Unfortunately, there were no pictures allowed of the interior, but, of course it was beautiful.  There was also a library with 25,000 volumes, many dating back to the 1600s.   There were catacombs holding 70,000 individuals before that practice of internment was stopped by the government in 1810. The original church was built in the mid 1500s and then felled by an earthquake in 1655.   This building’s construction began in 1672 and has been damaged and repaired after earthquakes from then to now.

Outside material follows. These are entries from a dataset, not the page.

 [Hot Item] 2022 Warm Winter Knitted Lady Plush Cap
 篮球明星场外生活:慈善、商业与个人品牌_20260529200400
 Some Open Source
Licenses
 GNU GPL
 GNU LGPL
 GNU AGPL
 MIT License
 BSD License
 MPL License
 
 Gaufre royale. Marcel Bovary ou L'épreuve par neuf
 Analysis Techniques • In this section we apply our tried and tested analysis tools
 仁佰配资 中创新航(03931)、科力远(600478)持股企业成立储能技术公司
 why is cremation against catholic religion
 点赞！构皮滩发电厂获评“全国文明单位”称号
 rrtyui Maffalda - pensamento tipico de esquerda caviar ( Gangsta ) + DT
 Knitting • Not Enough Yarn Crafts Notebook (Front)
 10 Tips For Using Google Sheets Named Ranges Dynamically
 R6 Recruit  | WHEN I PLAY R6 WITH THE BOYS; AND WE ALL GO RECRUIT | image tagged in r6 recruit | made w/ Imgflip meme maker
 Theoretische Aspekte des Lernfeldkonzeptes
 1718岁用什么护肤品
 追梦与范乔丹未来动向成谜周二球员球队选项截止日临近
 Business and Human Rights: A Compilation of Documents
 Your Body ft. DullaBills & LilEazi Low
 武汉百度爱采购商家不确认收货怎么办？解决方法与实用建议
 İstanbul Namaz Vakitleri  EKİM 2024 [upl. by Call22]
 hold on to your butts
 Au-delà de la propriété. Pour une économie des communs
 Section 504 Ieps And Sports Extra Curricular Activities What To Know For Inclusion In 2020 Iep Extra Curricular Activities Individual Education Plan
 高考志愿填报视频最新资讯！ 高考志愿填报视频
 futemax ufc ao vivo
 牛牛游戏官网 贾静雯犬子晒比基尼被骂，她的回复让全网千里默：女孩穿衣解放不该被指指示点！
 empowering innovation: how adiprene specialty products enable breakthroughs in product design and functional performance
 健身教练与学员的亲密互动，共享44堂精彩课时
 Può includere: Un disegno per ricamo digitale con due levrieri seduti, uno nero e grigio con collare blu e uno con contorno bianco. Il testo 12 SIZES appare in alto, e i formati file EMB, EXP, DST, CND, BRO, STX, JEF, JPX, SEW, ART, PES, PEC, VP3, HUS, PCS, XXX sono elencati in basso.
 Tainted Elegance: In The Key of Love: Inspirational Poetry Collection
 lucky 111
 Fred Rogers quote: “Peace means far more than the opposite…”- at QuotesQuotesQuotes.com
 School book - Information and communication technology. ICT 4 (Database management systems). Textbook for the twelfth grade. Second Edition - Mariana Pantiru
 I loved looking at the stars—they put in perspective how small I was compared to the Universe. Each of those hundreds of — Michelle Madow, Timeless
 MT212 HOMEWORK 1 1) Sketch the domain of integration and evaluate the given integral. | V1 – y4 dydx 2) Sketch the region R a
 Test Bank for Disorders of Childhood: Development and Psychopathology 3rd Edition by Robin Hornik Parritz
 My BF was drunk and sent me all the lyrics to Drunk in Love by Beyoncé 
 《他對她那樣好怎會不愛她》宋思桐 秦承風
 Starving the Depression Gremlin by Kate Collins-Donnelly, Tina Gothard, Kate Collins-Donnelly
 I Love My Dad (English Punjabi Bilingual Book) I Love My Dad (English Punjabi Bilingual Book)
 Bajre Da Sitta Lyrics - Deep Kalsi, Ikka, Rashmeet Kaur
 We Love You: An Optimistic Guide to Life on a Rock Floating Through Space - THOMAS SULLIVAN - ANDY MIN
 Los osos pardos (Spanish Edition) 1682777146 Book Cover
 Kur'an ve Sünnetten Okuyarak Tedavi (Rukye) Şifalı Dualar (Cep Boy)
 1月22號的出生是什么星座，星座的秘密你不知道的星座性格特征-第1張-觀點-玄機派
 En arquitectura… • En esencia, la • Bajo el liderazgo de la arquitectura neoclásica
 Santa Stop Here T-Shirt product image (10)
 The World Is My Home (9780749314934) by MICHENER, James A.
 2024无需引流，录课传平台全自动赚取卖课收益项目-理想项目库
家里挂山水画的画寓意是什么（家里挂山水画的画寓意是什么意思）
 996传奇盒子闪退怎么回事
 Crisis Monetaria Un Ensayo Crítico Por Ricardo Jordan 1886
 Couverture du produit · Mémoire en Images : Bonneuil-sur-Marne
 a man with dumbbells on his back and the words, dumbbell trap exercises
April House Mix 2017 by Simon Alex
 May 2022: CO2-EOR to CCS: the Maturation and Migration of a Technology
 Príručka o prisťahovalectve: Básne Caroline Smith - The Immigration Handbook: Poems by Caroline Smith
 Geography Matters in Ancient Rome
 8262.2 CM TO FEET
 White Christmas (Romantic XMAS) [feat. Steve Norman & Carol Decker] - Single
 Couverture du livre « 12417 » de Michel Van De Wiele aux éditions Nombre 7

A street in the old historic district.

Our Phoenix area friends, Jo and Flynn, lived in Peru years ago when they were with the Peace Corps.  They had advised us to be sure and experience three things on our trip.  The first was drinking the traditional Peruvian pisco sours – we had already had several!  The second was the churros.  (The third recommendation is coming up later in this post.)

These Peruvian churros are very generous in size and warm and delicious.  The most traditional version,  and what we had, was caramel filled.  It was really good – just like the pisco sours.

I looked at the tourist shops with a bit of longing but knew we were at the beginning of a three week trip with a lot of schlepping of bags.  Restraint prevailed.

We made our way to the Plaza de Armas.   The Plaza was not only the center of rule in Lima, but also from where the Spanish ruled the South American continent.

The center area was blocked off because there was a protest nearby, and there are rules about how close protesters can get to government buildings.

There are a number of impressive buildings around the plaza perimeter.  This is the Archbishop’s Palace.  Although it looks very old, it was built in 1924 and is the home of the Archbishop of Lima.

On the same block, and connected as you would expect, is the Cathedral of Lima. It was built in 1535.  We did not go inside.

The Government Palace is the home of the executive branch of Peruvian government and the home of president.   These are just a few of the interesting buildings around the plaza.

In the historic district there had been a law that no personal building could be this high.  However, some rich, influential person – way back in the 1500s – managed to petition the church, or government, to get an exemption.  Oh, what a surprise. 

Our next destination was the Larco Herrera Museum.  It holds the world’s largest private collection of pre-Columbian Peruvian Art.

The gardens are part of the attraction.

Part of why this museum is famous is because their vast storage collection is available for viewing.  

It is the only museum in Peru that allows access to “storage” and one of only a few in the world.

The permanent collection “takes an in-depth look at the Andean worldview and helps visitors to understand the development of pre-Columbian societies.”

The items were very well displayed but art museums just aren’t our thing. 

It doesn’t really matter if they are pre-Columbian, renaissance or modern.  Our eyes glaze over quickly.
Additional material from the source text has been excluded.